When you copy from the entries that follow, take only the lines from the one with "Just to repeat" down to the one with "Hello, my name", keeping both ends and dropping every picture.

Data for this task:
================================

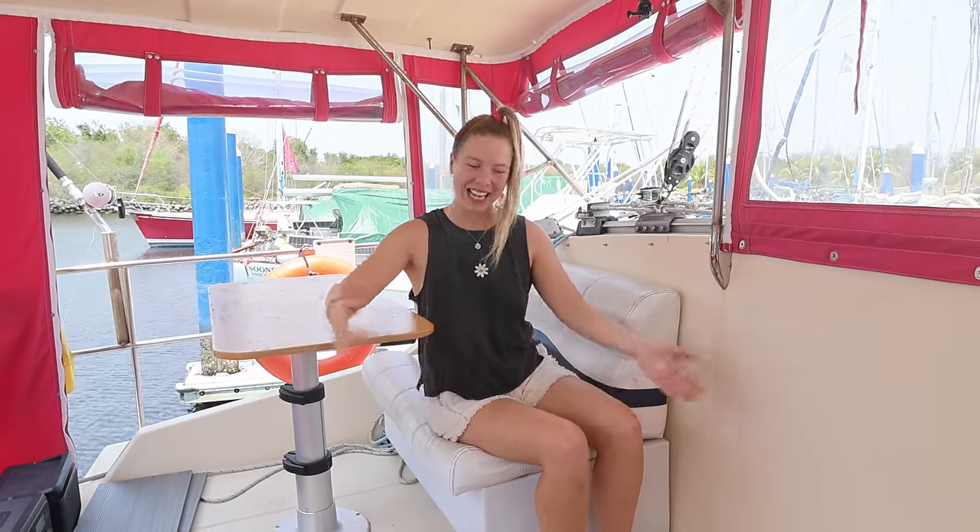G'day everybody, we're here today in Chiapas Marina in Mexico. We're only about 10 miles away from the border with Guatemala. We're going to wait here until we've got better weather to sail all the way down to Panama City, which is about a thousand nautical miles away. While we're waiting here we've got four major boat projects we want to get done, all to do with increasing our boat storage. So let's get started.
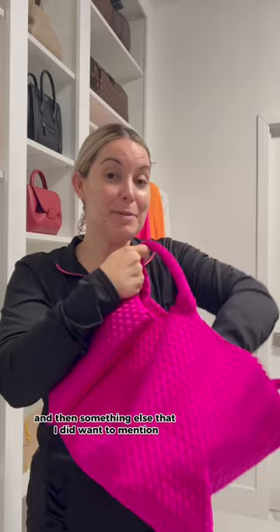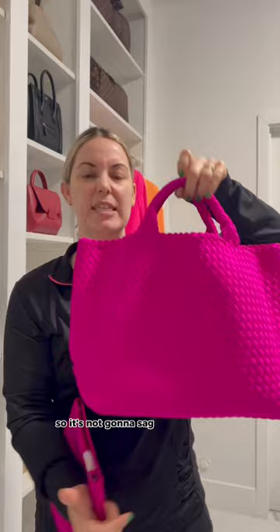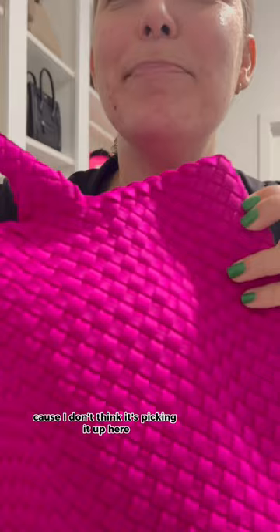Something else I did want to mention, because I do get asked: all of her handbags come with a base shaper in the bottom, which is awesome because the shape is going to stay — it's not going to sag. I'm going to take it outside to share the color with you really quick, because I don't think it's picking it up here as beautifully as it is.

================================

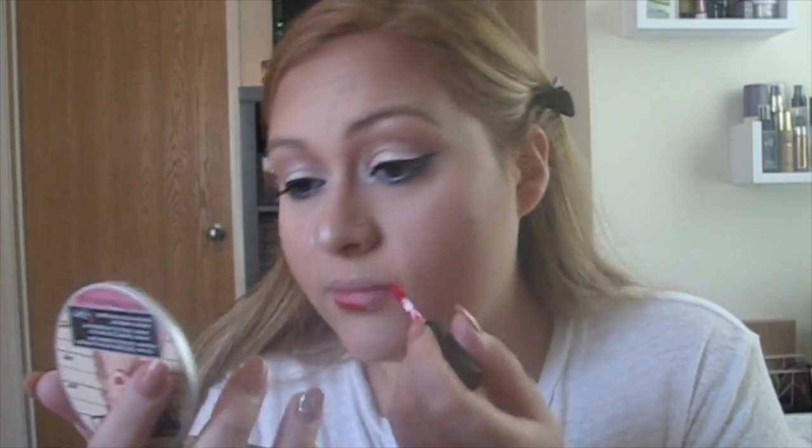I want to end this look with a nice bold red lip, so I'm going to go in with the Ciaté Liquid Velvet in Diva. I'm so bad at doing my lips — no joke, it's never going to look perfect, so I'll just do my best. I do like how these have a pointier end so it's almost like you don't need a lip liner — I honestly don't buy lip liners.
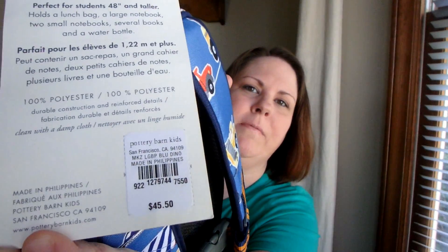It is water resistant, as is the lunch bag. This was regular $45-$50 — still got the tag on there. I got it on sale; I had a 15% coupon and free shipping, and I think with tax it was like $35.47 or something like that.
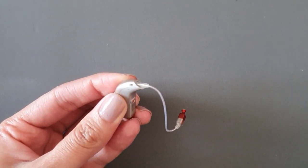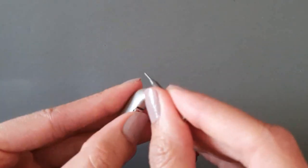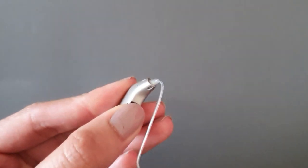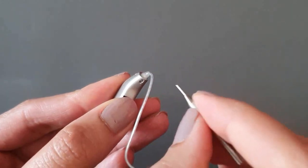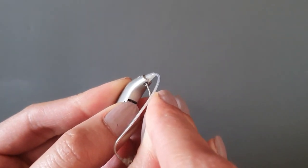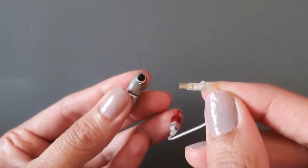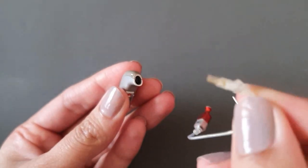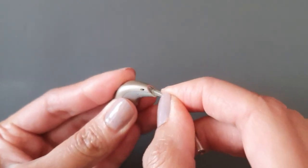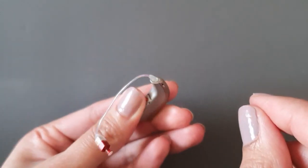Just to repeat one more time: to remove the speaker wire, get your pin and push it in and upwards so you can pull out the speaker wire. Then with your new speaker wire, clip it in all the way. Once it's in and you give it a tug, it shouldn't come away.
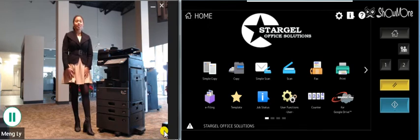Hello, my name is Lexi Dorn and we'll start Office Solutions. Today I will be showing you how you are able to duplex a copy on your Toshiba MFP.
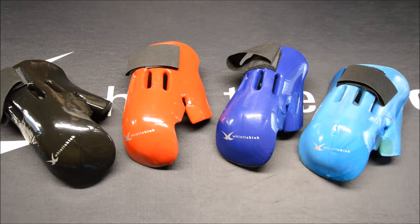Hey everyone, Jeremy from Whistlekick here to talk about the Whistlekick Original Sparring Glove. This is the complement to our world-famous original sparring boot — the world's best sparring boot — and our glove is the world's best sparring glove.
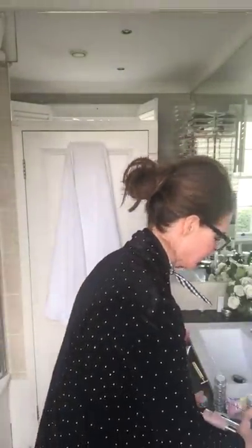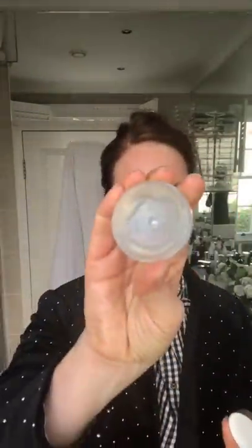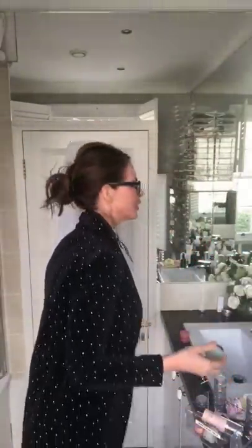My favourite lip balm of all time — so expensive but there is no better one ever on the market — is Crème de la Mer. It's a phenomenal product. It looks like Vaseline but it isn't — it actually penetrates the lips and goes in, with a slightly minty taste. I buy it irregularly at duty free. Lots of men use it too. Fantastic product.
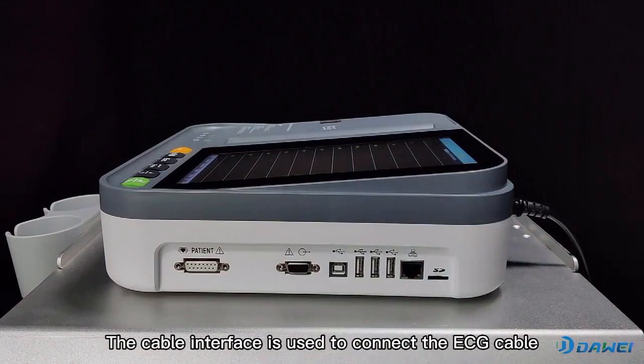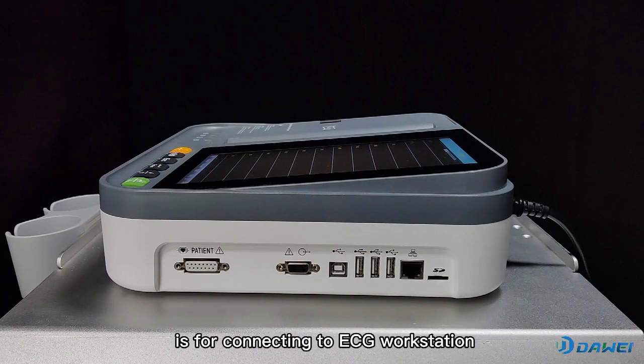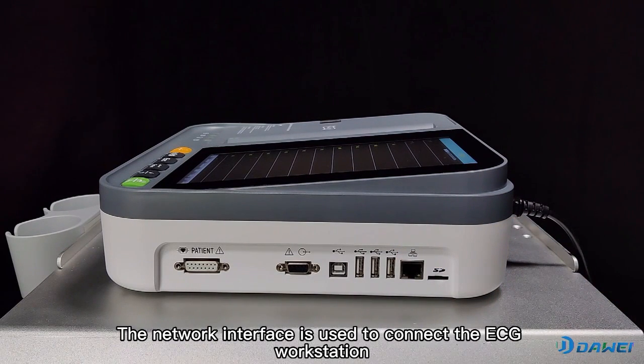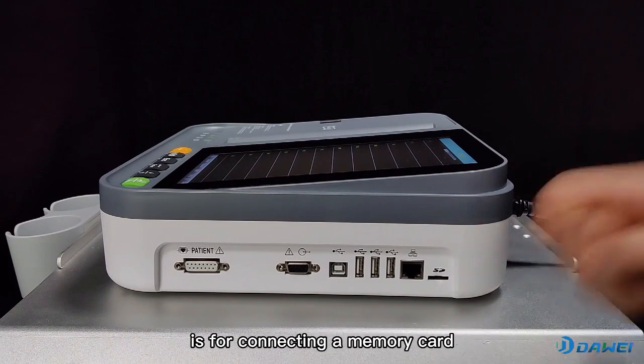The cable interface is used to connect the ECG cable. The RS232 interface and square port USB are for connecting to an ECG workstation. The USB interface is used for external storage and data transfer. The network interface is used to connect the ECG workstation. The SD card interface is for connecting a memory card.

================================

Result:
Just to repeat one more time: to remove the speaker wire, get your pin and push it in and upwards so you can pull out the speaker wire. Then with your new speaker wire, clip it in all the way. Once it's in and you give it a tug, it shouldn't come away.
Hello, my name is Lexi Dorn and we'll start Office Solutions. Today I will be showing you how you are able to duplex a copy on your Toshiba MFP.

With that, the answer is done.